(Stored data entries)
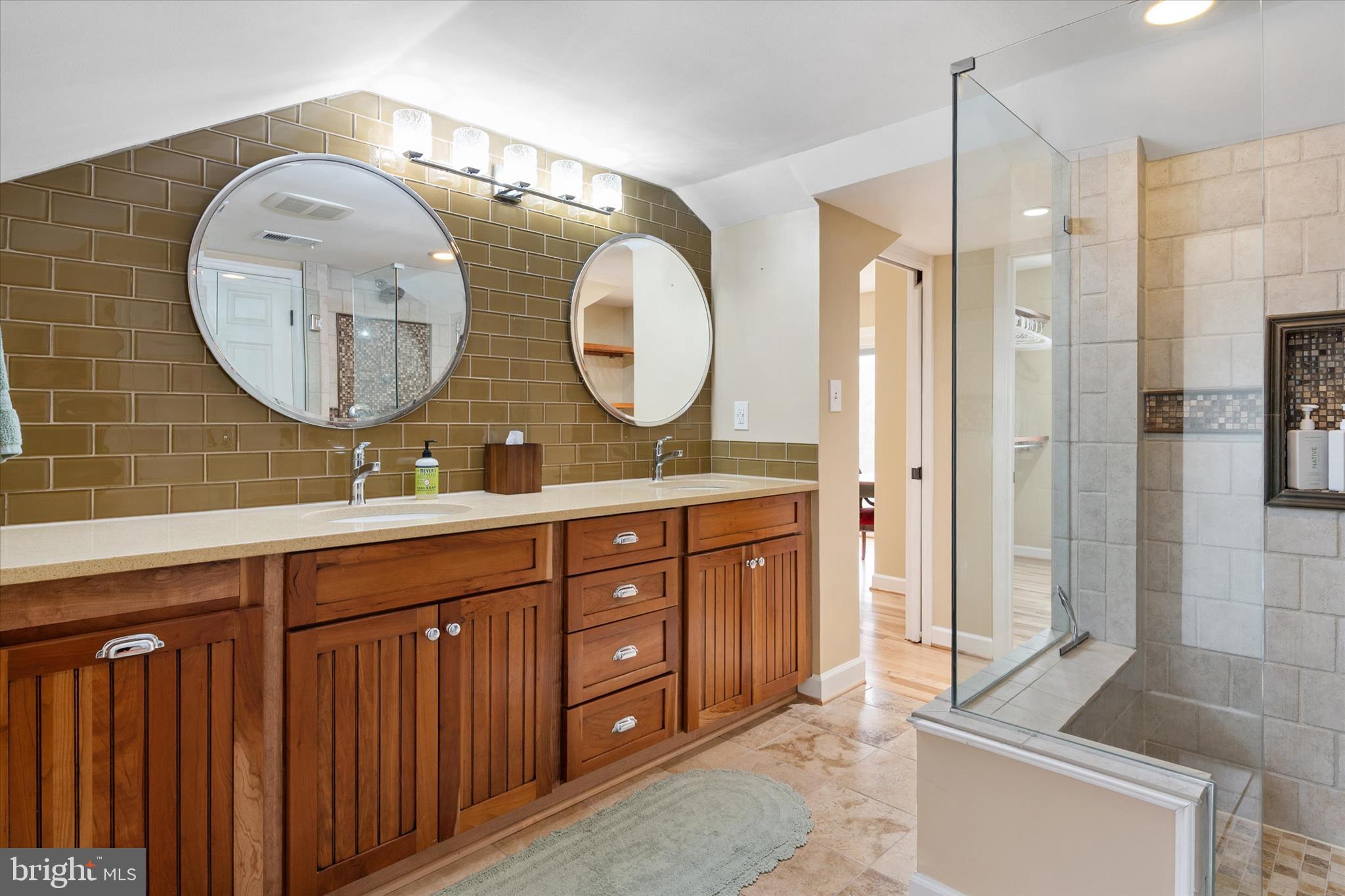 POPLAR RIDGE - Residential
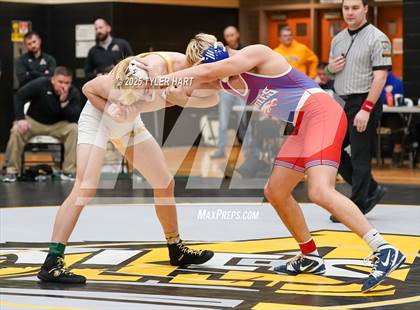 Thumbnail 2 in IHSAA Sectional 25. Avon (Afternoon Matches) photogallery.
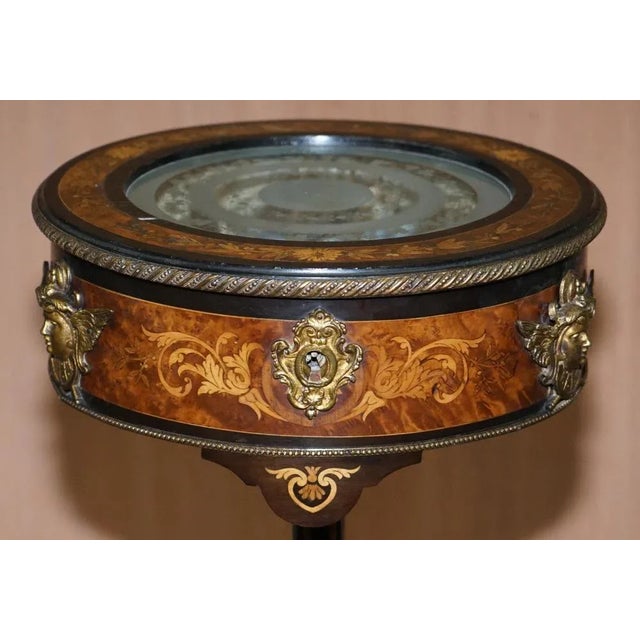 Metal 18th Century Louis XVI Bijouterie Display Table in Hand-Etched Glass, Gilt & Metal For Sale - Image 7 of 18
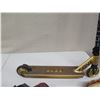 Image 8 : Carve Scooter, Ozark Trail Bag & Diamond Ready Ball Glove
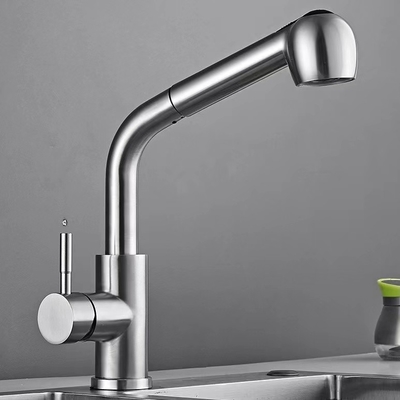 Il nero estrae il rubinetto sanitario degli articoli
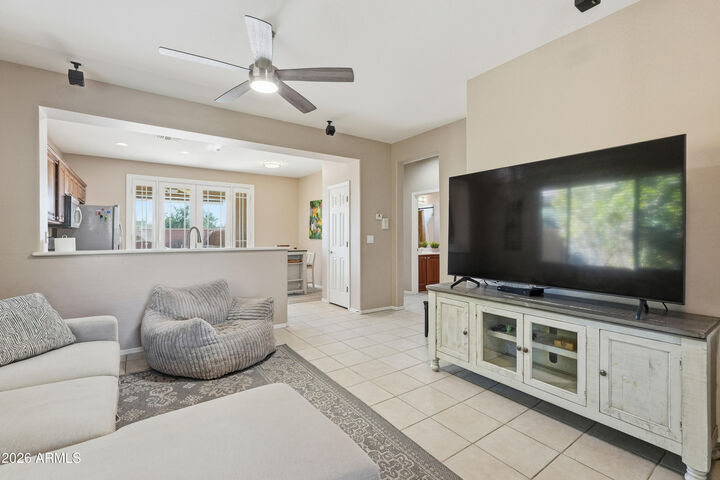 Property Photo:  1743 W Owens Way  AZ 85086 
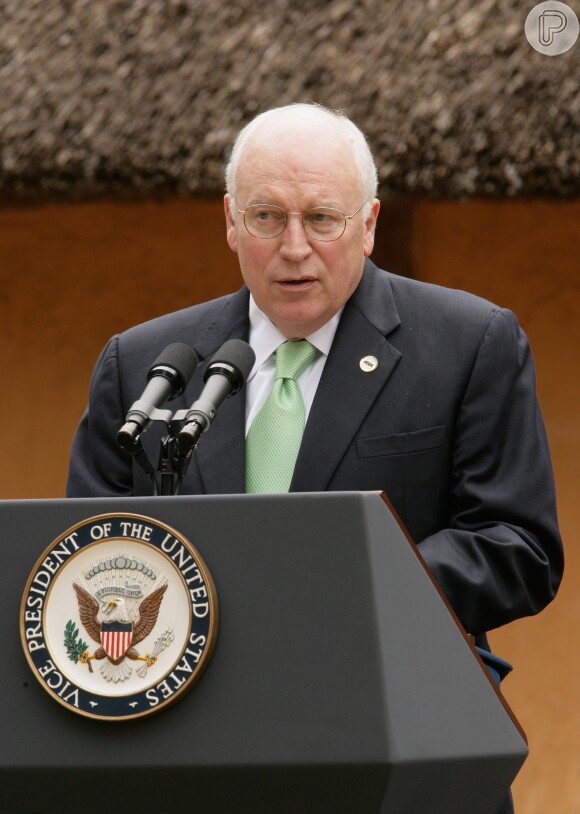 Christian Bale será Dick Cheney na cinebiografia sobre o político. O ex-vice presidente dos Estados Unidos atuou ao lado de George W. Bush entre 2001 e 2009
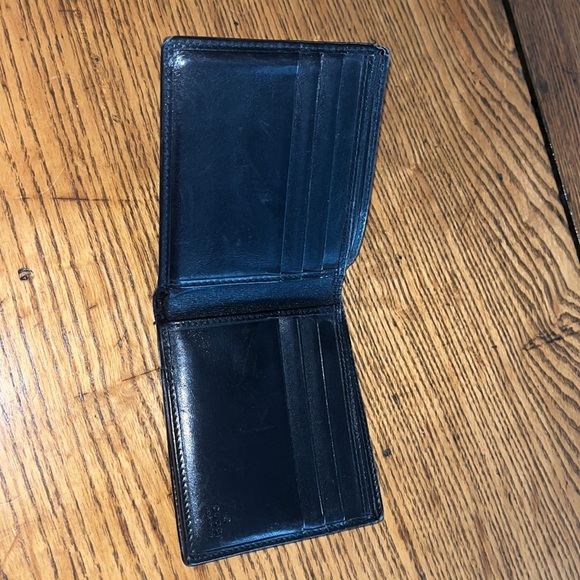 Authentic GUCCI Black Smooth Leather Silver G Logo Men’s Bifold Wallet (Unisex) - Picture 3 of 14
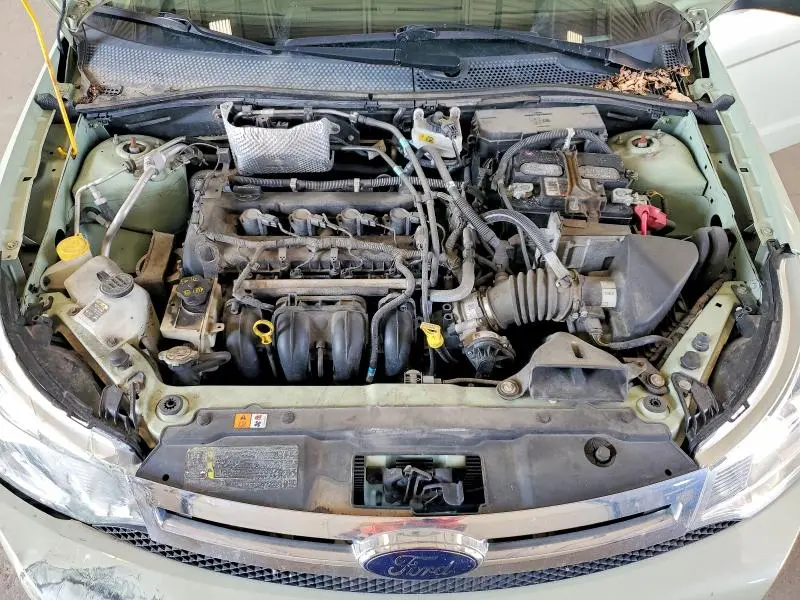 2010 FORD FOCUS SE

= DIRECTIONS FOR THIS TASK =
Your reply should consist only of the lines running from the line with "Christian Bale será" to the end of the entries, both included, copied exactly and without any pictures.

= ANSWER FOR THIS EXERCISE =
 Christian Bale será Dick Cheney na cinebiografia sobre o político. O ex-vice presidente dos Estados Unidos atuou ao lado de George W. Bush entre 2001 e 2009
 Authentic GUCCI Black Smooth Leather Silver G Logo Men’s Bifold Wallet (Unisex) - Picture 3 of 14
 2010 FORD FOCUS SE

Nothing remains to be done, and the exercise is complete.